Whether due to a lack of understanding of the law or a motivation
to see all project bills paid, public owners on Texas projects
often insist upon and use contracts that require "lien"
releases from subcontractors and suppliers as a condition
of payment, final payment particularly, to the general contractor.
Insistence on lien releases as a condition of payment in the
public work context presents a number of problems for the
owner and the general contractor while providing little or
no legal and little practical benefits to the public owner.
In fact, the practice is likely to unnecessarily involve the
public owner in the underlying payment dispute and may precipitate
a breach of the contract by the owner vis-à-vis the
general contractor. Simply put, the practice is ill advised.
Unpaid subcontractors and suppliers on public works contracts
do not have lien rights (excepting cases involving projects
of less than $25,000.00). These vendors are protected by a
payment bond provided by the general contractor. The law has
been long established that the public owner is not liable
for the payment of such vendors.

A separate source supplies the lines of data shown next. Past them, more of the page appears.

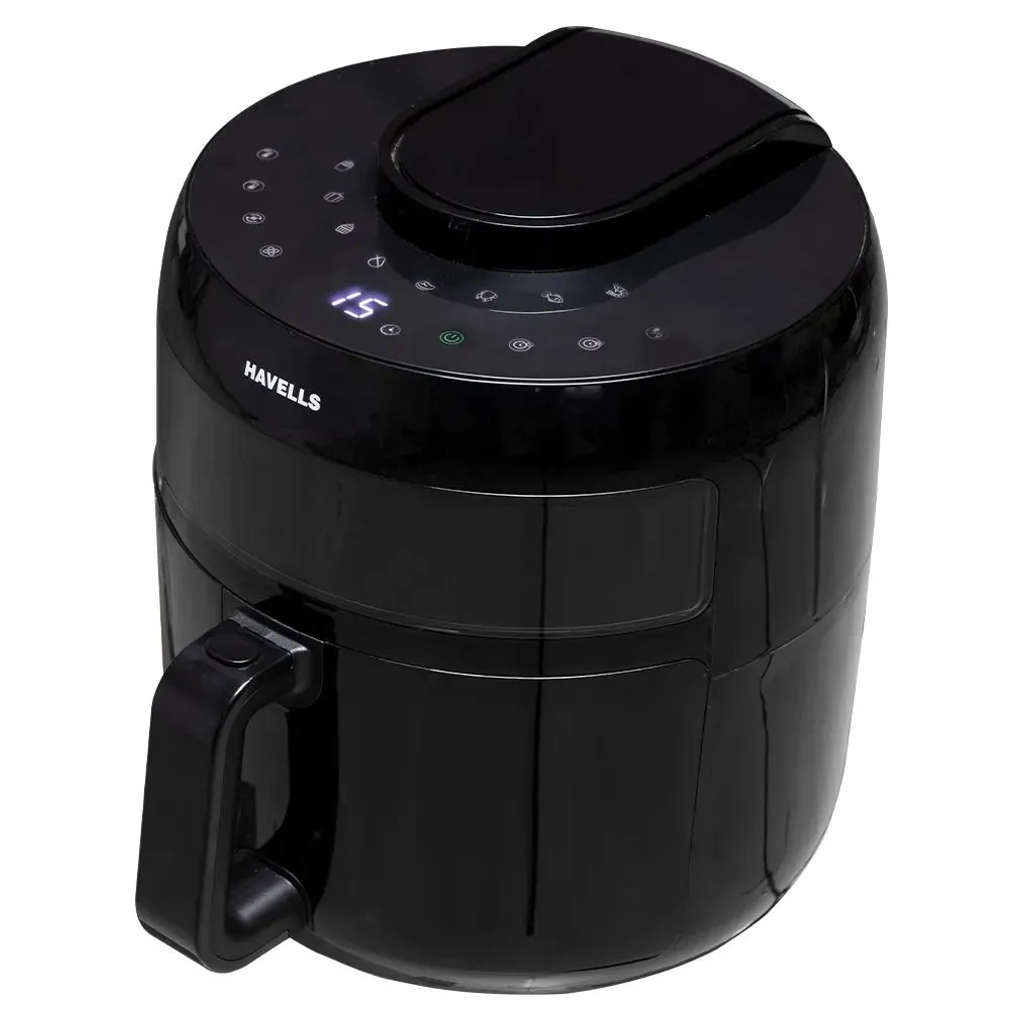 Havells Prolife Crystal Air Fryer 1500 W 5.5 Litre GHCAFSDK150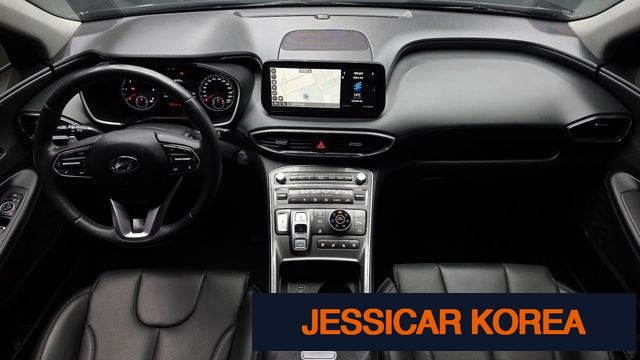 2023 Hyundai The New Santa Fe - Thumbnail 10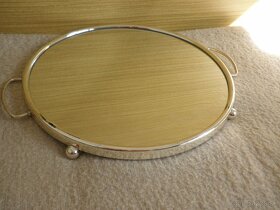 Zrkadlový podnos. - 3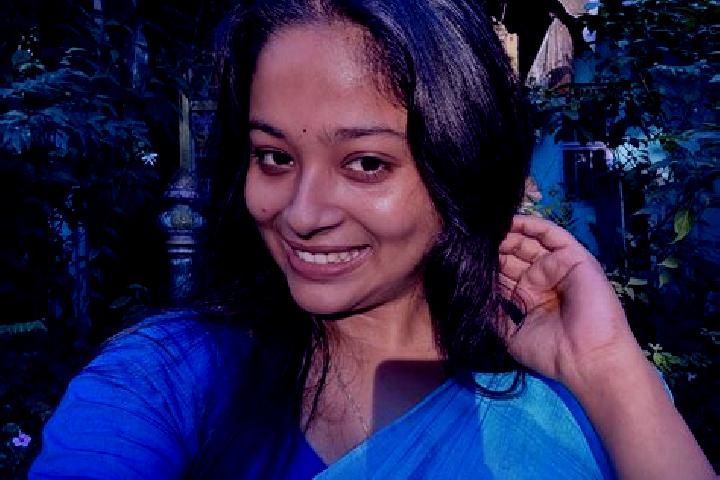 Olivia, 38 — Escort in Mangaldai, India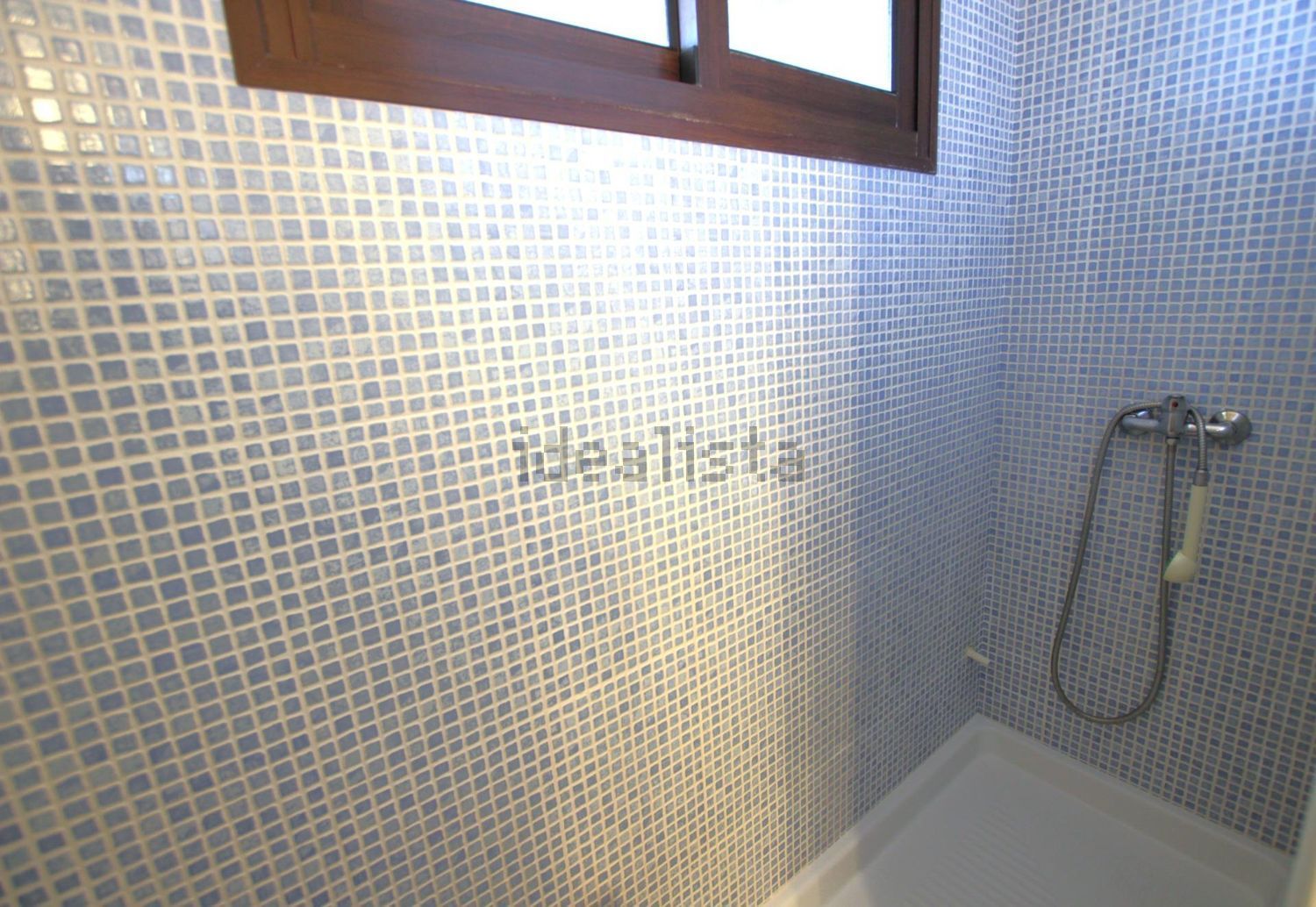 Duplex en première ligne de plage à Benalmádena — Sanitaires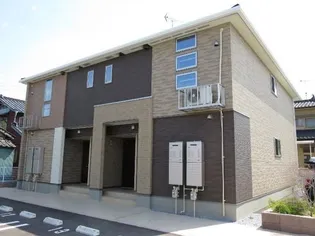 エヴァーグリーン和井田Ⅱ Aの画像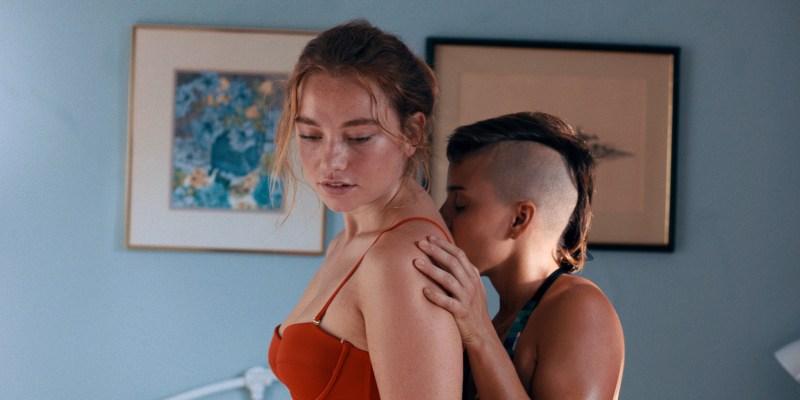 Olivia young biography porn actress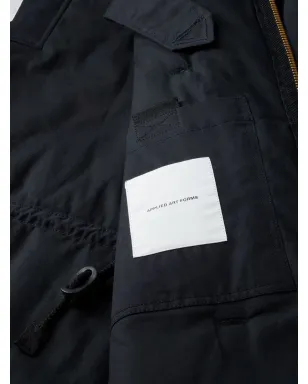 Applied Art Forms AM2-1B liner coat - サムネイル5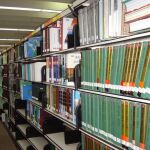 Biblioteca del CCS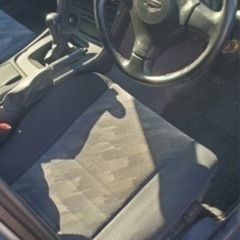 日産スカイラインの画像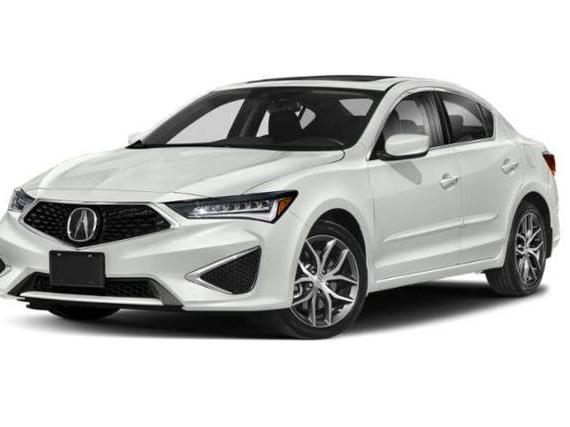 ACURA ILX 2021 19UDE2F74MA006257 image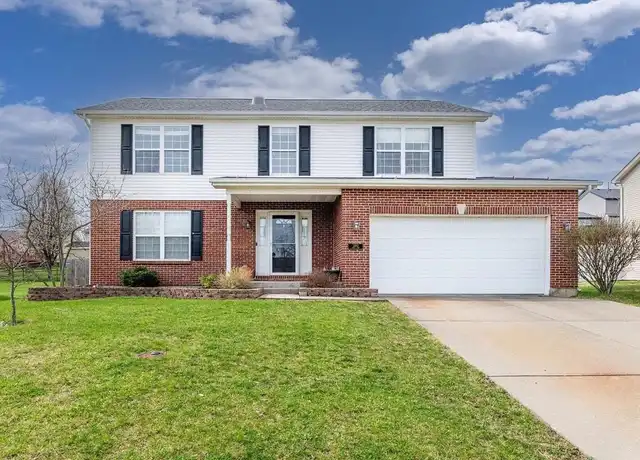 Property at 3183 Elora Ln, Fairfield Township, OH, 45011, 4 beds, 2.5 baths, [object Object]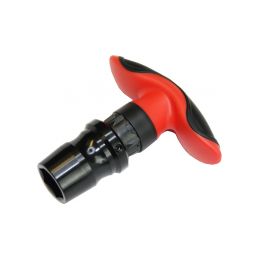 Klíč nástrčkový deluxe 17mm - 1
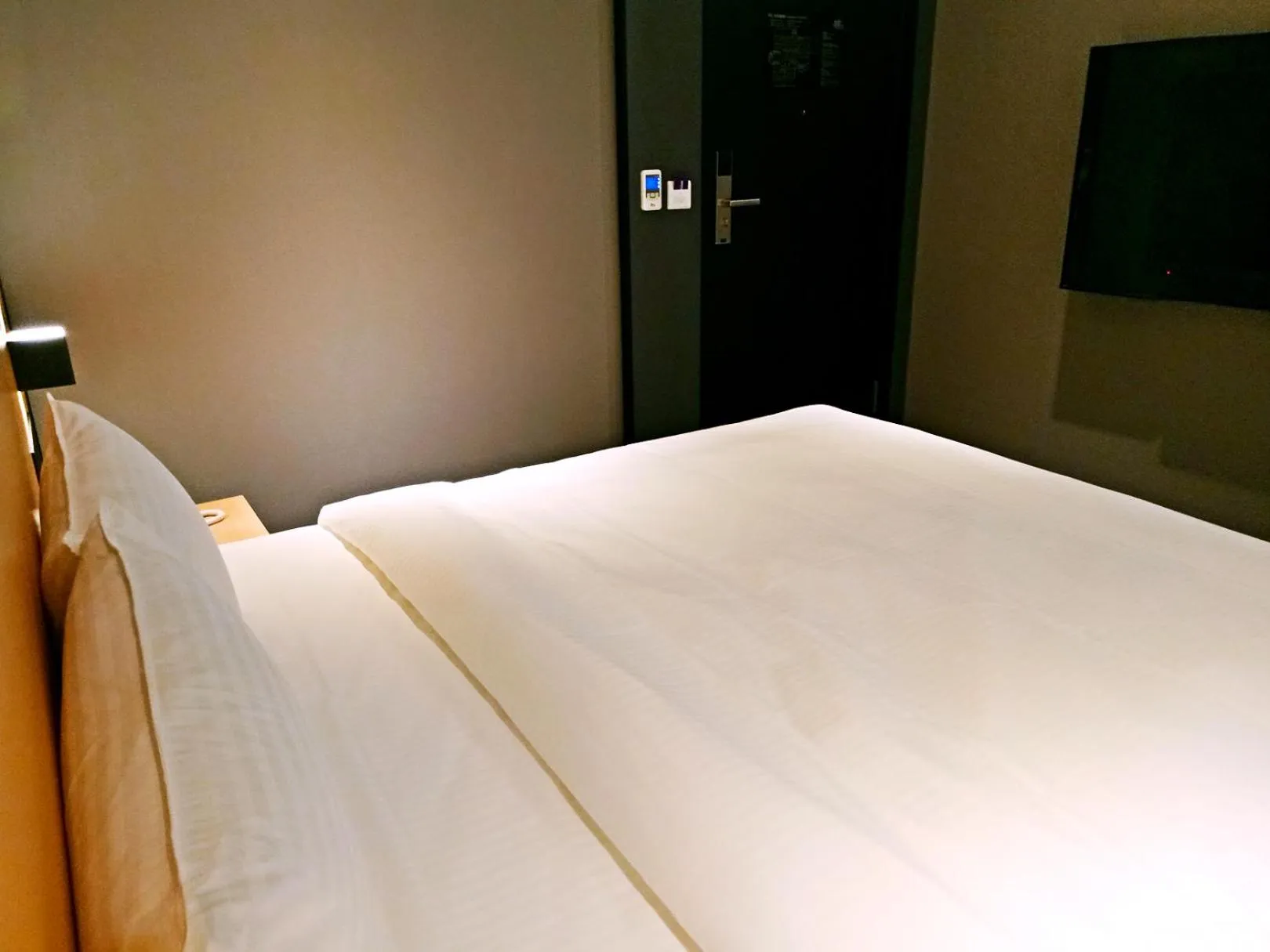 Bed in Walker-Taoyuan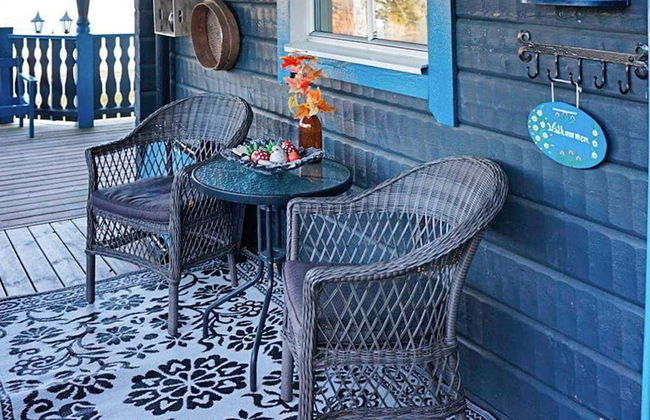 4 Person Holiday Home in Soderkoping - Foto 21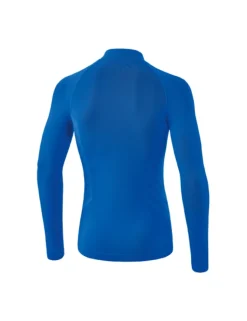 Erima Athletic Longsleeve Turtleneck new royal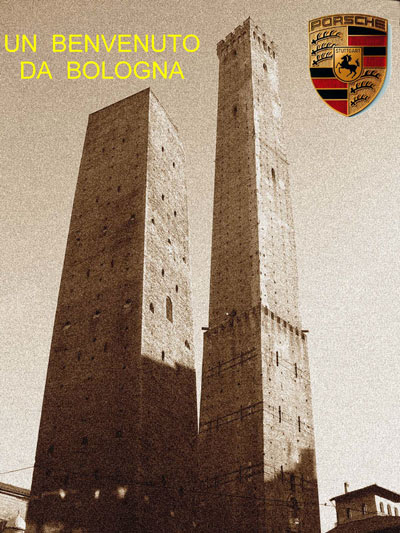 Benvenuto  !!!!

The vendor's sole remedy,
other than suit against their customer, is a claim under the
payment bond. This is true even if the bonding company becomes
insolvent. Accordingly, lien releases do not provide any meaningful
legal benefit to the public owner, i.e. it is a release of
a non-existent right against a party protected from any direct
claim.
In addition to the protection of the payment bond, the public
works contract documents often require the general contractor
to indemnify and defend the public owner from vendor claims.
This indemnification and defense obligation is also backed
up by the general contractor's performance bond. Hence, any
argument to the effect that the public owner, in receipt of
a notice of unpaid bills, should withhold money to protect
it from the expense of defending itself (in the remote event
it is sued) is not well supported. Moreover, the more involved
the public owner becomes in the underlying dispute, the more
likely it is that the unpaid vendor will try and fashion out
a suit against the public owner based on this involvement.
From the public owner's perspective, withholding payment
from the general contractor, in reliance on the lien-release
requirement, is arguably a breach of its contract with the
general contractor (failing to pay in the absence of a material
breach). From a practical standpoint, it will also be a self-fulfilling
prophecy: people don't get paid, more notices are mailed,
reluctance to perform sets in and the project becomes unnecessarily
problematic.
So why does the lien-release requirement appear in public
works contracts and what should the public owner do about
it? Often the presence of the requirement is simply the result
of the project consultant's use of standardized industry forms,
which do not distinguish between private and public works.
Liens are possible on private work, and requiring lien releases
is the right thing to do.
In other cases, it may be motivated by the public owner's
sincere desire to see all bills paid on their projects, which
ignores the reality of the typical payment dispute. Namely,
the owner is often insisting that a subcontractor that did
not perform be paid, when the general contractor has spent
the defaulting subcontractor's contract money and often completing
that subcontractor's work. The fairer and better approach
is for the public owner with a contract requiring lien releases
to waive the requirement and obtain the bonding company's
consent to payment--with disclosure to and acknowledgement
by the surety that the public owner has received notices of
unpaid bills.
The best approach is for public owners to stop including
lien release requirements in their contracts and stay out
of the contractor-subcontractor relationship.